MTT itself is chemically inert until it touches the right cellular enzymes. Within living, metabolically active cells, mitochondrial reductase enzymes react with MTT, snapping its tetrazolium ring and releasing electrons. This process yields a bright purple, insoluble formazan product. After the reaction, lab workers carefully remove the media and dissolve formazan crystals with isopropanol, DMSO, or acidified ethanol. Researchers sometimes modify MTT to produce similar salts with improved properties—for instance, XTT and MTS—both designed to enhance solubility and color detection range. Each modification extends the utility of this testing approach to broader research settings and different types of cell lines.
In technical circles, people use several names for MTT. You’ll see 3-(4,5-dimethylthiazol-2-yl)-2,5-diphenyltetrazolium bromide, Thiazolyl Blue Tetrazolium Bromide, and the shorthand MTT all referencing the same powder. Sometimes suppliers use brand names like “MTT Cell Proliferation Assay Reagent” or “MTT Solution.” Labels may include research-only disclaimers, warning users against clinical or diagnostic applications. Despite its many monikers, the compound remains popular across academic, industrial, and regulatory labs.

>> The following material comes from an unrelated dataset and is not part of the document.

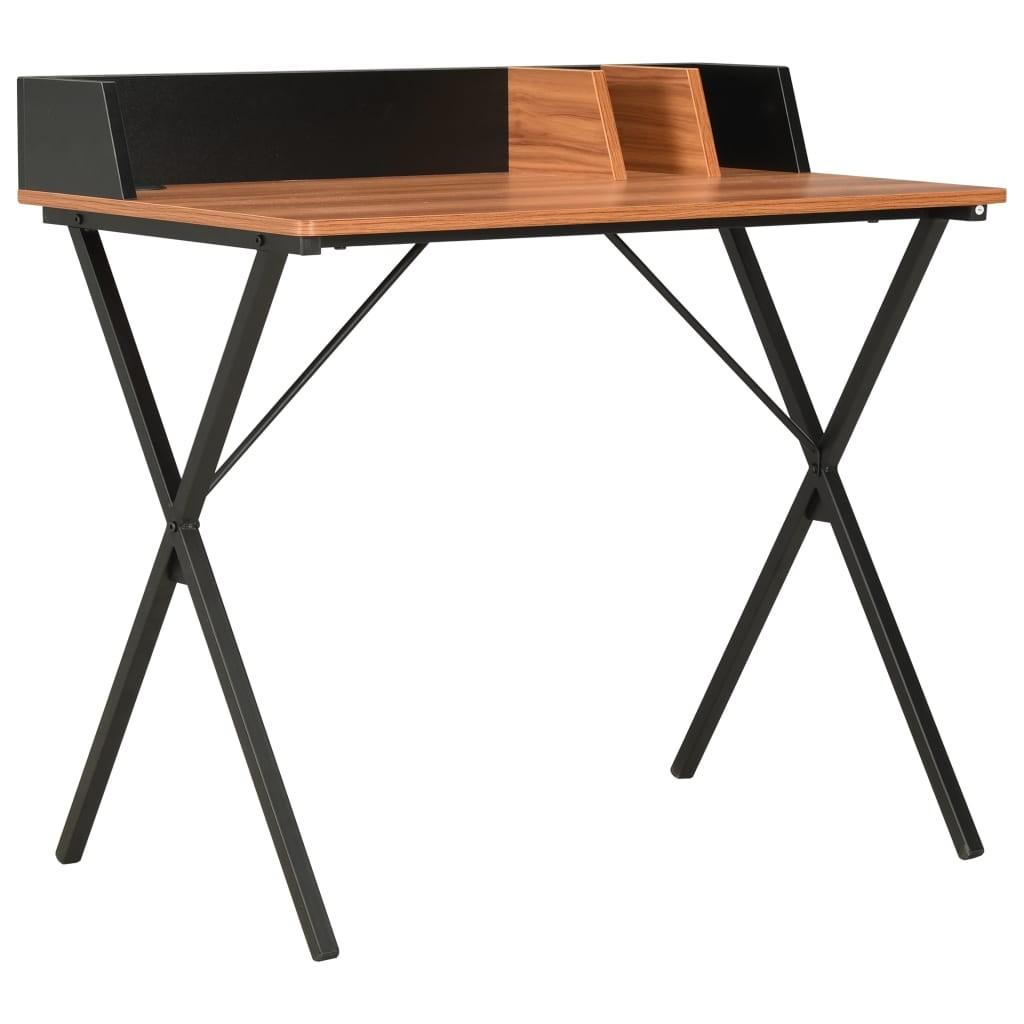 Skrivebord 80x50x84 cm sort og brun Skrivebord 80x50x84 cm sort og brun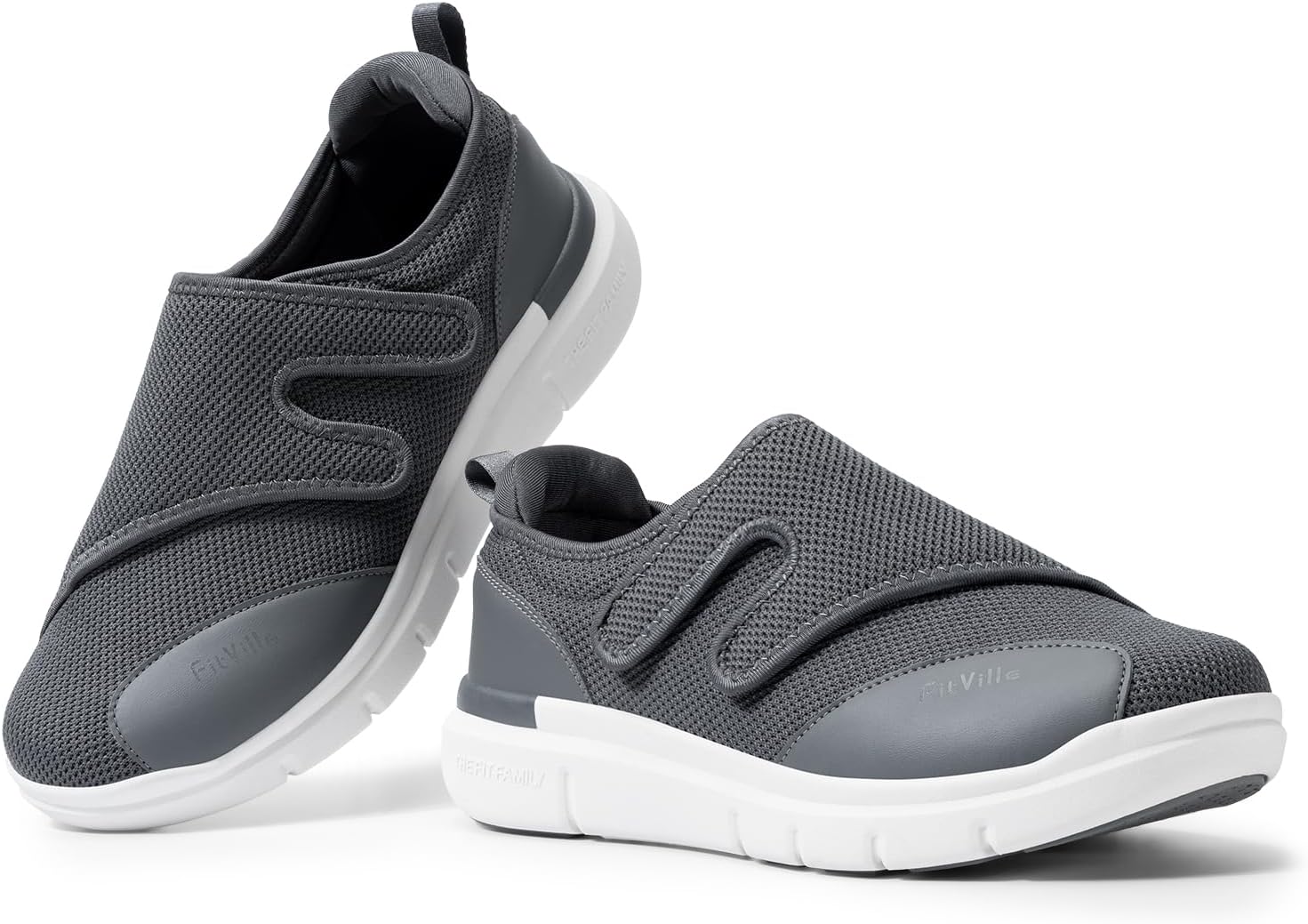 FitVille Diabetic Shoes for Men Extra Wide Width XX-Wide Orthopedic Slip-on Shoes Adjustable Closure Walking Sneakers with Arch Support Cushioning Therapeutic for Swollen Feet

Most researchers remember their first encounter with MTT precisely because of the safety warnings that come with it. Although MTT’s general toxicity to humans is relatively low, accidental inhalation or skin contact causes irritation. Every responsible lab keeps gloves, lab coats, and protective eyewear as standard gear when handling the material. Exhaust hoods help prevent accidental inhalation, especially when opening large bottles or weighing powders. Regulatory data sheets point out potential environmental hazards and recommend careful disposal. Labs never toss leftover solutions down the drain—they use specialized containers for later chemical waste disposal, complying with institutional safety protocols and environmental protection laws.

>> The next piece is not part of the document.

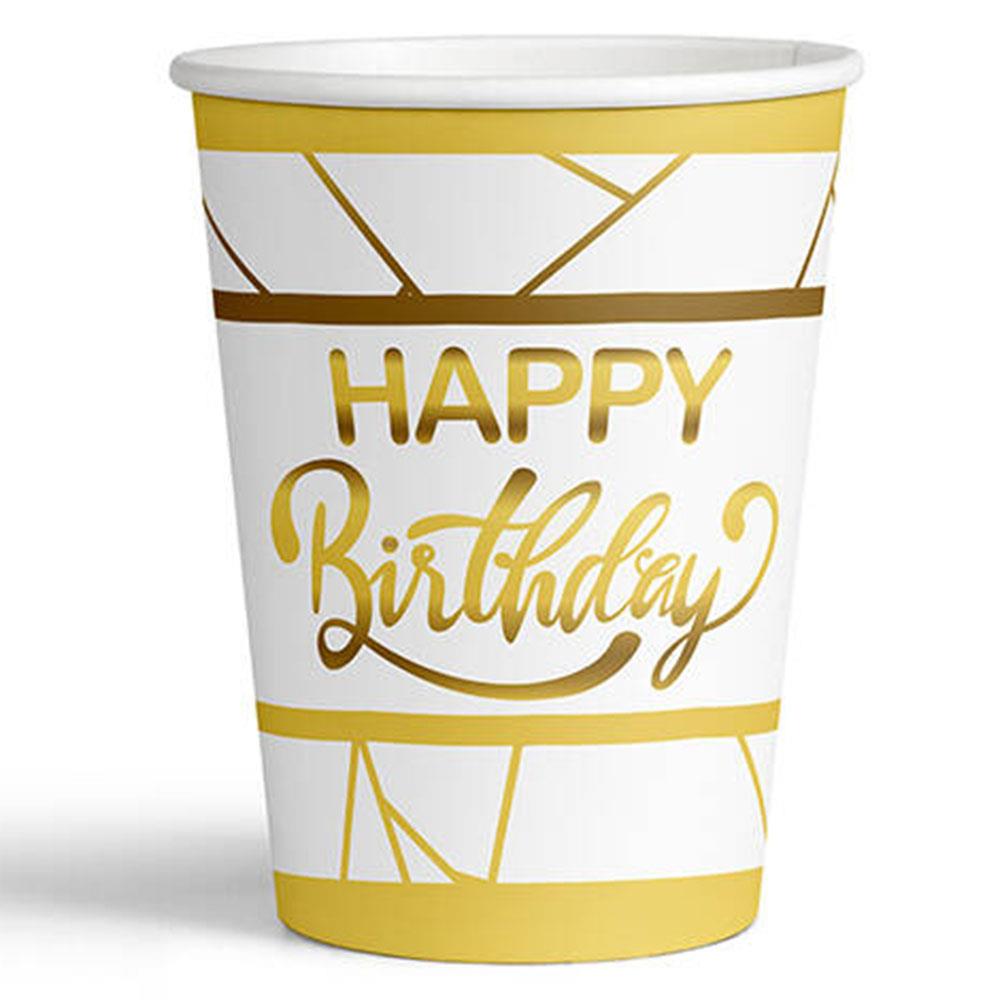 Altın Happy Birthday Yaldız Baskılı Karton Bardak Beyaz 8'li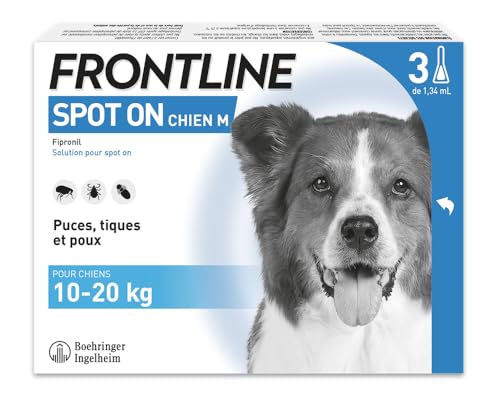Frontline Spot-on Chien M antiparasitaire 3 pipettes 10-20 kg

MTT finds a home in research about cell viability, cytotoxicity, and cell proliferation. Drug companies rely heavily on MTT-based assays to screen promising drug candidates for their effect on human, animal, or even plant cell lines. Toxicologists check environmental water quality using MTT to measure the effect on sensitive pond or river algae. Cancer researchers apply MTT tests to track tumor cell response to new therapies, giving oncologists vital clues about which drugs slow tumor growth. Tissue engineering labs combine MTT readings with microscopy to map cell growth on experimental biomaterials. MTT’s fast turnaround time keeps it relevant in fast-paced experimental schedules, and its traditional format makes it easy to compare across studies and over time.
The world of scientific progress constantly pushes the boundaries of what MTT can reveal. Developers at biotech firms keep finding new ways to adapt the basic protocol, using robotics for high-throughput screening and digital platforms to interpret color changes faster. Recent collaborations between industry and academia led to multiplexing the MTT assay with gene expression analysis, offering a multi-dimensional look at cell response. Some teams explore miniaturized, sensor-based MTT assays meant for field analysis, targeting rapid, on-site screening of environmental hazards. Each improvement brings higher sensitivity, quicker results, and sometimes lower reagent consumption, matching the push for sustainable science.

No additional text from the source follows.